Posted By: March 28, 2013

macbri1

Dr. Sean MacBride and Fr. Sean McManus in New York in the spring of 1976, eight years before the announcement of the MacBride Principles.

MacBride Principles Honoree Fr. Sean McManus

December 9, 2009 Irish Echo

Father Sean Mc Manus was born February 6, 1944 in the townland of Clonliff, in the parish of Kinawley, County Fermanagh. The parish of Kinawley is divided by the Border and is partly in Fermanagh and partly in Swanlinbar, County Cavan.

Fr. Mc Manus has stated: “England not only divided my country, but my parish as well, for Heaven’s sake, you don’t have to be a political genius to figure out why I have such an abhorrence for the injustice and absurdity of partition”.

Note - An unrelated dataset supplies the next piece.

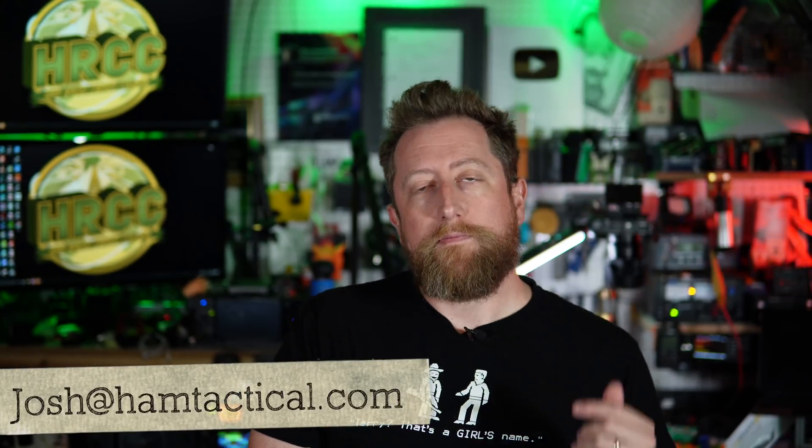I would love it if everyone here — particularly if you're starting out in ham radio, trying something new, or have a question you're too shy to ask online where people might yell at you — would email me at josh@hamtactical.com. I'll take your ideas and make them into a video. This is my way of continuing to give back and help people out. If you enjoyed this, give me a thumbs up, please subscribe, and until next time, 73.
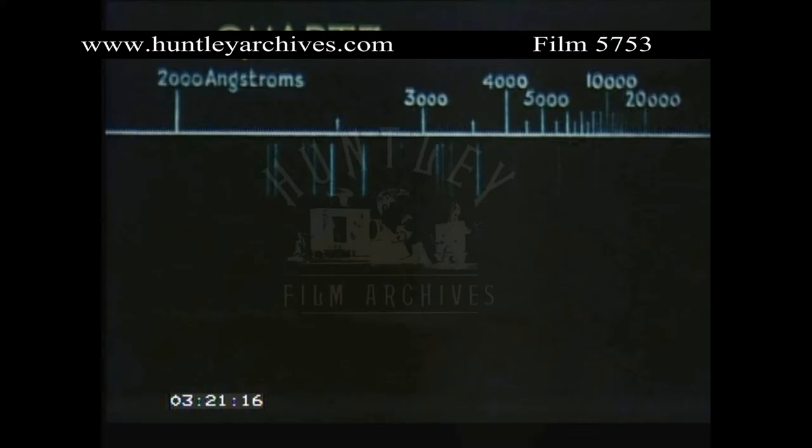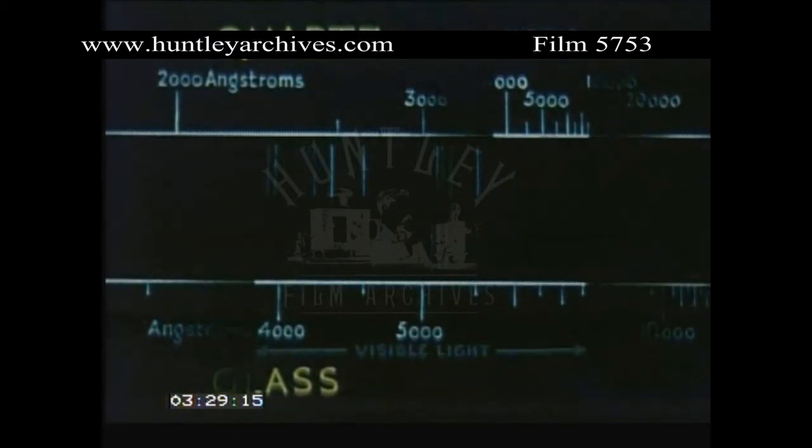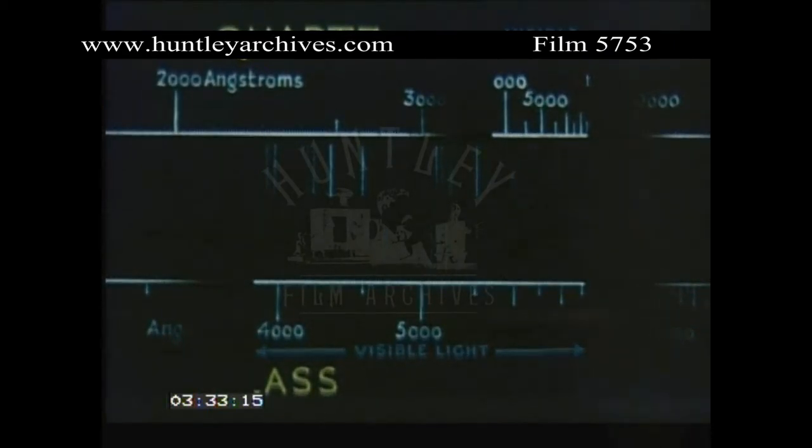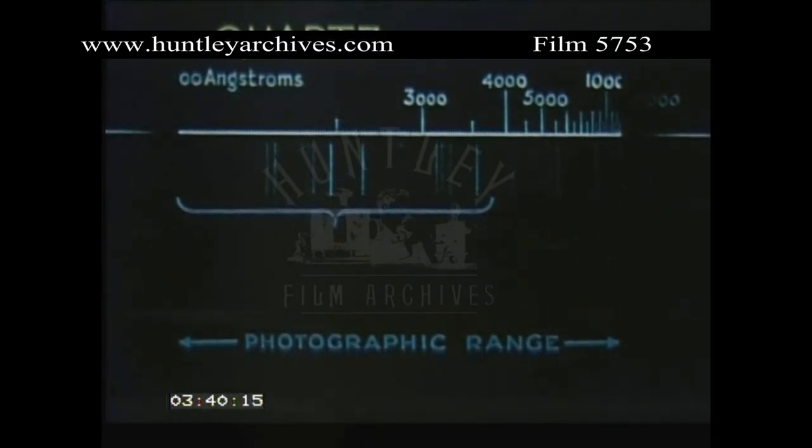Although quartz gives a larger range, it has a lower refractive index than glass, so its lines are not so widely dispersed. But the extra lines invisible to the eye can only be detected and recorded photographically. Spectrograms are therefore essential beyond the visible range.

Fr. McManus joined the London Province of the Redemptorist Order and was ordained in 1968. When the Troubles erupted, McManus, in his own words, felt he could not be silent lest he be complicit with British government injustices.

He began to publicly speak out. The British government put pressure on the English Hierarchy and The Redemptorists to silence him. When he refused to be silent, he was shipped off to America on October 2, 1972.

From 1972 to 1978 he carried out parish work in Baltimore and Boston.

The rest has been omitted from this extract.